Franceinfo : Il n'est pas question de "sortie", mais d'une "transition" hors des énergies fossiles. Pour vous, que faut-il comprendre ?

Jean-Marc Jancovici : En fait, il y a toujours un petit côté un peu déceptif dans les COP parce qu'il faut bien se rendre compte qu'il n'y a pas de "chef du monde". Une COP, ça n'est rien d'autre qu'une déclaration d'intention mise en forme. Il n'y a pas de sanction si les États ne font pas ce qu'ils ont dit qu'ils feraient.

Pourtant, encore une fois ce matin, des pays parlent "d'accord historique"...

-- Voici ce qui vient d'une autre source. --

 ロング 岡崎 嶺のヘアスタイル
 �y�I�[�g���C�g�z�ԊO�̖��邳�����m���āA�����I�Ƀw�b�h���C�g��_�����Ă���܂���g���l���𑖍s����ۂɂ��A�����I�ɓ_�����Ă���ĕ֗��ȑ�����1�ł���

L'accord de Paris (COP21, en 2015) était historique. Si on regarde ce qui s'est passé depuis ça, la trajectoire physique sur les gaz à effet de serre, n'a pas beaucoup dévié de ce qu'elle était avant. En fait, une COP, il faut bien comprendre que c'est essentiellement un endroit où on entérine ce que les pays sont déjà prêts à faire pour des raisons domestiques. L'Europe, par exemple, a déjà commencé à légiférer. Elle a décidé d'interdire la vente des véhicules thermiques en 2035, elle a décidé que les bâtiments devaient être neutres en carbone en 2050... Quand elle va à la COP, elle dit ça. "C'est mon niveau d'ambition à moi et je voudrais qu'on se cale dessus." La Chine, elle, est dans une phase de rattrapage, on va dire. Elle essaie de retrouver la place qu'elle a toujours eue historiquement sur la planète, hors de la moitié du dernier siècle, c'est-à-dire la première puissance économique mondiale. Et elle se dit d'abord : "J'y vais et puis on verra ce qu'on fait avec le climat."

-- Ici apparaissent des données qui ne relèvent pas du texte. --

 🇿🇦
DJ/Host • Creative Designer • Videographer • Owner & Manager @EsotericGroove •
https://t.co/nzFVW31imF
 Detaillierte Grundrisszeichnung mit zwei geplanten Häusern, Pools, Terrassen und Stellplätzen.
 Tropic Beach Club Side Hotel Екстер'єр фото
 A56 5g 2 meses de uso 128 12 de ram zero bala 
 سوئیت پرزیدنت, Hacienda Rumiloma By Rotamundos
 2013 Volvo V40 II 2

Et il y a les pays pétroliers, on peut dire que les masques sont tombés pendant cette COP28 ?

Non, les masques ne sont jamais vraiment tombés parce qu'ils n'ont jamais été vraiment mis. Les pays pétroliers produisent du pétrole et ils ont l'intention de produire du pétrole aussi longtemps qu'ils pourront produire du pétrole. Enfin, je veux dire pourquoi et comment voulez-vous qu'il fasse autre chose ? Imaginez la France disant : "Au nom du climat, je renonce au tourisme." C'est exactement pareil. Les pays producteurs de pétrole ne vont pas renoncer au pétrole comme ça d'un claquement de doigts. Qu'est-ce que vous leur proposez en échange ? La" realpolitik" fait que dans ce genre d'enceinte qu'est la COP, on ne peut pas espérer de miracles.

Mais si on s'est focalisé depuis quelques jours sur la sortie des énergies fossiles (charbon, pétrole, gaz), c'est bien parce que tout le monde sait que c'est la condition sine qua non pour ralentir le réchauffement.

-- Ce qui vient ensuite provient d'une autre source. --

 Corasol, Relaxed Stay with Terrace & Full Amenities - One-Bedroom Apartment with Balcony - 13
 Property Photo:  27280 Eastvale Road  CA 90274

Absolument, mais ce qu'on sait de plus en plus aussi, c'est que les énergies fossiles ont fait le XXᵉ siècle. Donc c'est à cause des énergies fossiles que nous avons tous une voiture, que nous vivons en ville, que nous sommes passés de 20 à 100 kilos de viande mangés par personne par an… Et donc dire d'un claquement de doigts, "on va renoncer à tout ça", ce n'est pas si simple. Je ne suis pas en train de dire qu'il ne faut pas le faire. Je dis juste que de s'imaginer que c'est quelque chose qui va se décider à l'unanimité parce que c'est le cas dans les enceintes onusiennes, par consensus et en se disant "on va y arriver facilement, il n'y a qu'a décider de le faire", malheureusement, c'est se bercer d'illusions. Le chemin vers la sortie des énergies fossiles est un chemin qui va être compliqué.

Ce mot de "transition vers une sortie des énergies fossiles", pour vous, c'est un progrès ?

Peu importe les mots qui sont utilisés dans les COP. Les vrais progrès, ce sont quand il y a des objectifs quantitatifs qui émergent. Par exemple, à Copenhague (COP15), en 2009, on a vu émerger le seuil de température à deux degrés. Ça, c'est un vrai progrès. Parce que même si la COP n'a aucun effet coercitif par elle-même, à partir du moment où il y a un chiffre qui commence à circuler dans les esprits, ça c'est quelque chose d'important. Et Paris n'a fait qu'entériner ce chiffre de deux degrés qui était né à Copenhague en 2009.